The company has no outstanding debt securities.
(c) Other Securities To Be Registered.
The Company is only registering its common stock securities.
<PAGE>
PART II
Item 1. Market Price of and Dividends on the Registrant's Common Equity
and Other Shareholder Matters.
(a) Market Information.
The Company's common stock trades Over-the-Counter (OTC) on the OTC
Bulletin Board under the symbol TIDE. Table 3 sets forth the high and low bid
information for each fiscal quarter beginning with September 30, 1998, the first
quoted quarter. These quotations reflect inter-dealer prices, without retail
mark-up, mark-down or commission and may not represent actual transactions.
These data provided by NASDAQ Trading and Market Services.
Table 3.
Bid Information
- --------------------------------------------------------------------------------
Fiscal Quarter Ended High Low
- --------------------------------------------------------------------------------
December 31, 1999 1.25
September 30, 1999 4.00 0.875
June 30, 1999 1.50 0.375
March 31, 1999 0.70 0.40
December 31, 1998 0.875 0.125
September 30, 1998 0.5625 0.375
- --------------------------------------------------------------------------------
(b) Holders.
The Company has 81 active shareholders of its common stock as of March
22, 2000 holding 17,420,489 common shares.
(c) Dividends.
A ten percent common stock dividend was declared on December 28 ,
1999. An additional 1,385,959 shares were issued to existing shareholders. There
are no restrictions imposed on the Company which limit its ability to declare or
pay dividends on its common stock. No cash dividends have been declared or paid
to date and none are expected to be paid in the forseeable future.
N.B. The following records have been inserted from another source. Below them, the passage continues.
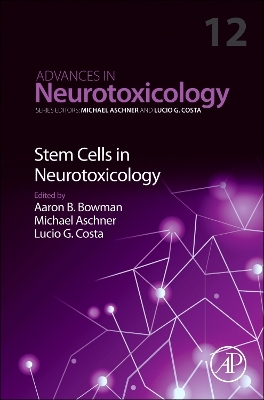 Stem Cells in Neurotoxicology: Volume 12 book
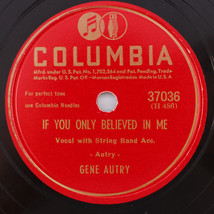 Gene Autry – If You Only Believed In Me / Purple Sage 1946 78 rpm Record 37036 - £12.82 GBP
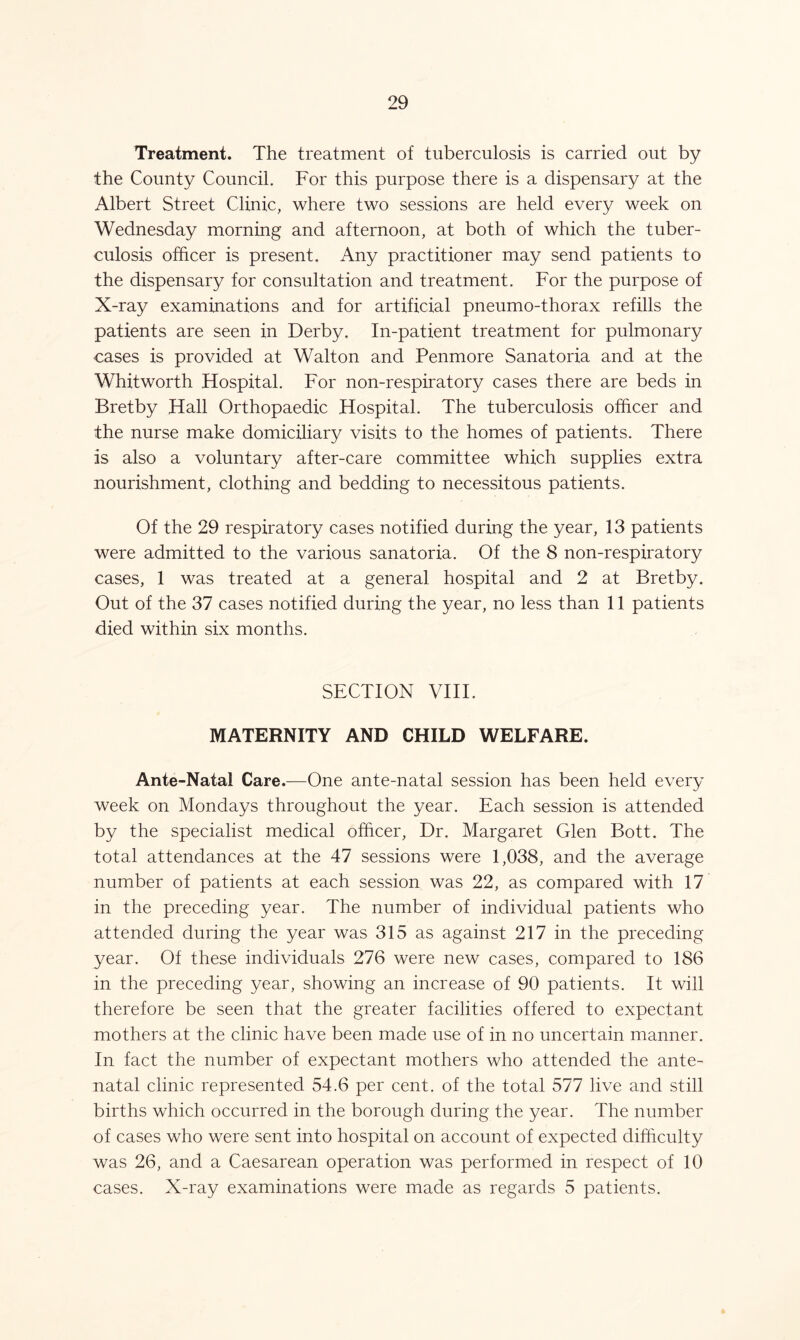 Treatment. The treatment of tuberculosis is carried out by the County Council. For this purpose there is a dispensary at the Albert Street Clinic, where two sessions are held every week on Wednesday morning and afternoon, at both of which the tuber- culosis officer is present. Any practitioner may send patients to the dispensary for consultation and treatment. For the purpose of X-ray examinations and for artificial pneumo-thorax refills the patients are seen in Derby. In-patient treatment for pulmonary cases is provided at Walton and Penmore Sanatoria and at the Whitworth Hospital. For non-respiratory cases there are beds in Bretby Hall Orthopaedic Hospital. The tuberculosis officer and the nurse make domiciliary visits to the homes of patients. There is also a voluntary after-care committee which supplies extra nourishment, clothing and bedding to necessitous patients. Of the 29 respiratory cases notified during the year, 13 patients were admitted to the various sanatoria. Of the 8 non-respiratory cases, 1 was treated at a general hospital and 2 at Bretby. Out of the 37 cases notified during the year, no less than 11 patients died within six months. SECTION VIII. MATERNITY AND CHILD WELFARE. Ante-Natal Care.—One ante-natal session has been held every week on Mondays throughout the year. Each session is attended by the specialist medical officer, Dr. Margaret Glen Bott. The total attendances at the 47 sessions were 1,038, and the average number of patients at each session was 22, as compared with 17 in the preceding year. The number of individual patients who attended during the year was 315 as against 217 in the preceding year. Of these individuals 276 were new cases, compared to 186 in the preceding year, showing an increase of 90 patients. It will therefore be seen that the greater facilities offered to expectant mothers at the clinic have been made use of in no uncertain manner. In fact the number of expectant mothers who attended the ante- natal clinic represented 54.6 per cent, of the total 577 live and still births which occurred in the borough during the year. The number of cases who were sent into hospital on account of expected difficulty was 26, and a Caesarean operation was performed in respect of 10 cases. X-ray examinations were made as regards 5 patients.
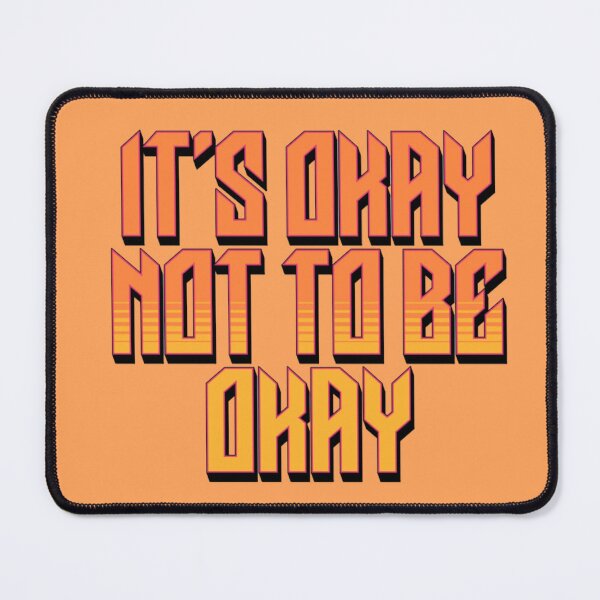 Item preview, It's Okay Not to Be Okay Sticker designed and sold by Olympic Genesis.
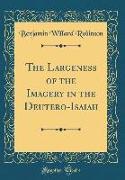 The Largeness of the Imagery in the Deutero-Isaiah (Classic Reprint)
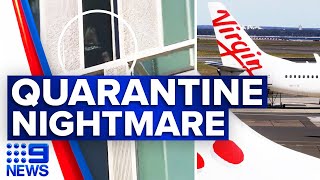 Coronavirus Flight delay leads to hotel quarantine 9 News Australia [upl. by Eimak]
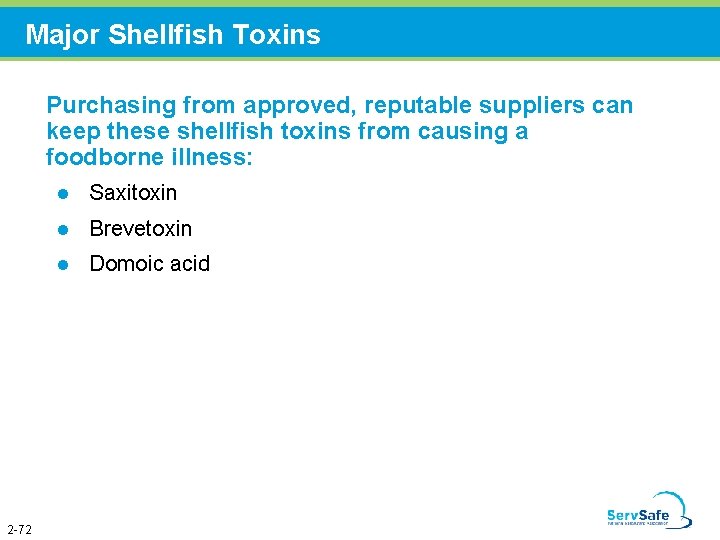 Major Shellfish Toxins Purchasing from approved, reputable suppliers can keep these shellfish toxins from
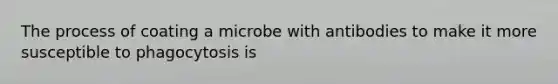 The process of coating a microbe with antibodies to make it more susceptible to phagocytosis is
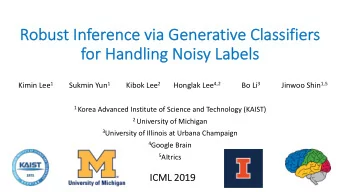 Robus  bust Inference  nce vi  via Gene  nerative Cl  Classifiers  for  r Handl  ndling  ng Noisy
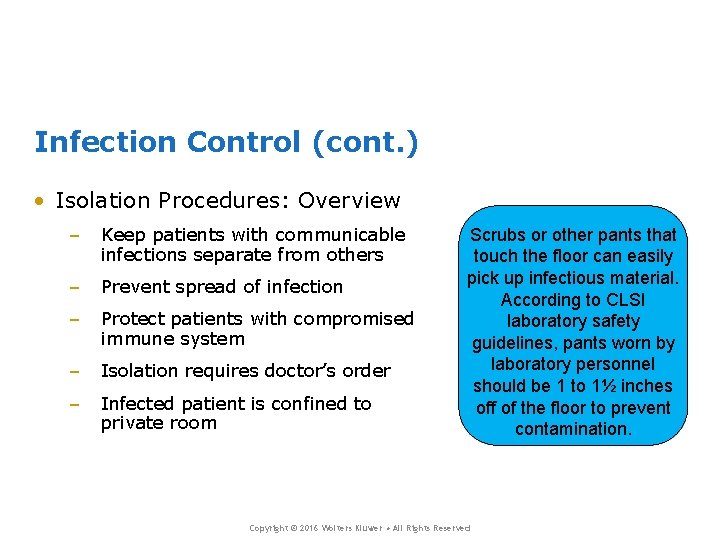 Infection Control (cont. ) • Isolation Procedures: Overview – Keep patients with communicable infections Infection Control (cont. ) • Isolation Procedures: Overview – Keep patients with communicable infections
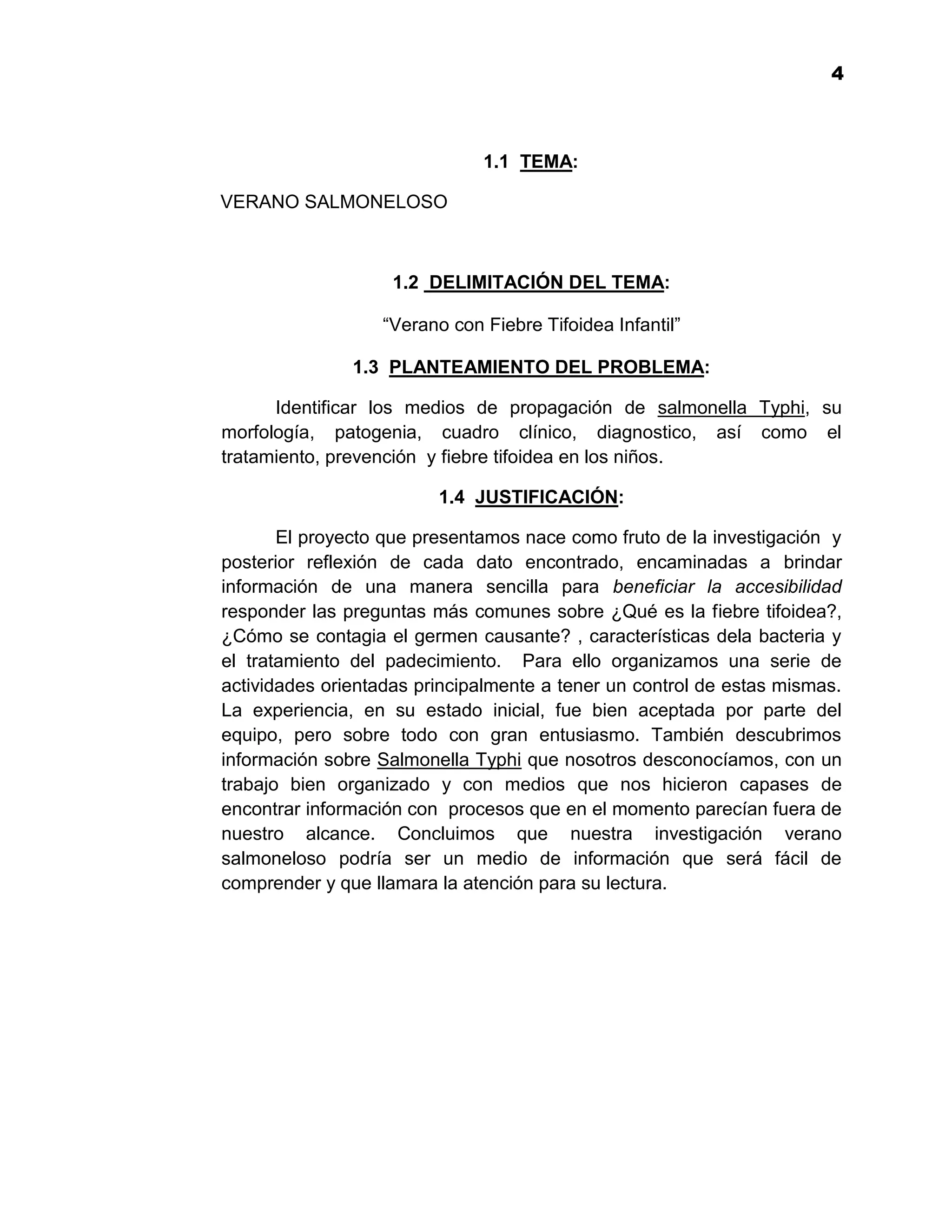 1
                                                                       4



                              1.1 TEMA:

VERANO SALMONELOSO



                    1.2 DELIMITACIÓN DEL TEMA:

                  “Verano con Fiebre Tifoidea Infantil”

               1.3 PLANTEAMIENTO DEL PROBLEMA:

      Identificar los medios de propagación de salmonella Typhi, su
morfología, patogenia, cuadro clínico, diagnostico, así como el
tratamiento, prevención y fiebre tifoidea en los niños.

                         1.4 JUSTIFICACIÓN:

       El proyecto que presentamos nace como fruto de la investigación y
posterior reflexión de cada dato encontrado, encaminadas a brindar
información de una manera sencilla para beneficiar la accesibilidad
responder las preguntas más comunes sobre ¿Qué es la fiebre tifoidea?,
¿Cómo se contagia el germen causante? , características dela bacteria y
el tratamiento del padecimiento. Para ello organizamos una serie de
actividades orientadas principalmente a tener un control de estas mismas.
La experiencia, en su estado inicial, fue bien aceptada por parte del
equipo, pero sobre todo con gran entusiasmo. También descubrimos
información sobre Salmonella Typhi que nosotros desconocíamos, con un
trabajo bien organizado y con medios que nos hicieron capases de
encontrar información con procesos que en el momento parecían fuera de
nuestro alcance. Concluimos que nuestra investigación verano
salmoneloso podría ser un medio de información que será fácil de
comprender y que llamara la atención para su lectura.




                                   4
 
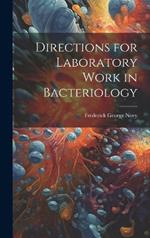 Directions for Laboratory Work in Bacteriology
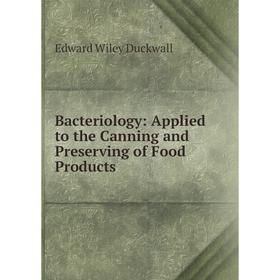 

Книга Bacteriology: Applied to the Canning and Preserving of Food Products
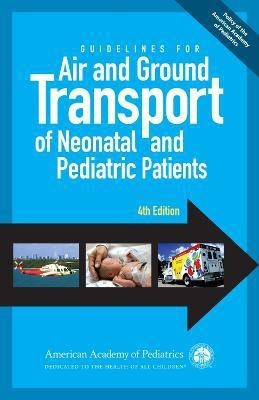 Guidelines for Air and Ground Transport of Neonatal and Pediatric Patients(English, Paperback, unknown)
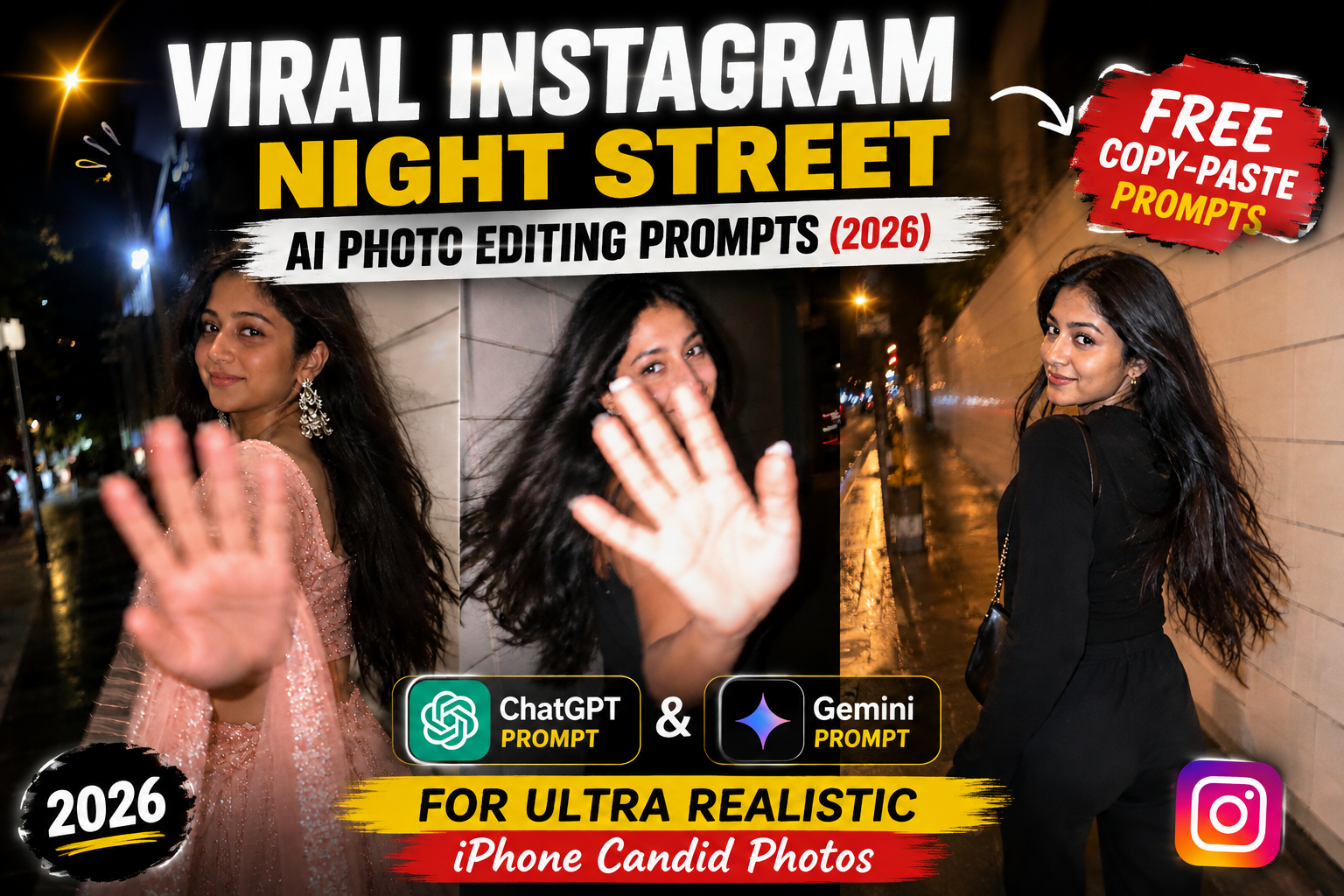 Viral Instagram Night Street AI Photo Editing Prompts (2026) – Free ChatGPT & Gemini Copy-Paste Prompts for Ultra Realistic iPhone Candid Photos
Item 2. Legal Proceedings.
The Company is not a party to any pending or threatened legal
proceedings.
Item 3. Changes In and Disagreements With Accountants on Accounting and
Financial Disclosure.
There have been no changes or disagreements with accountants on
accounting or financial disclosure during the Company's two most recent fiscal
years.
<PAGE>
Item 4. Recent Sales of Unregistered Securities.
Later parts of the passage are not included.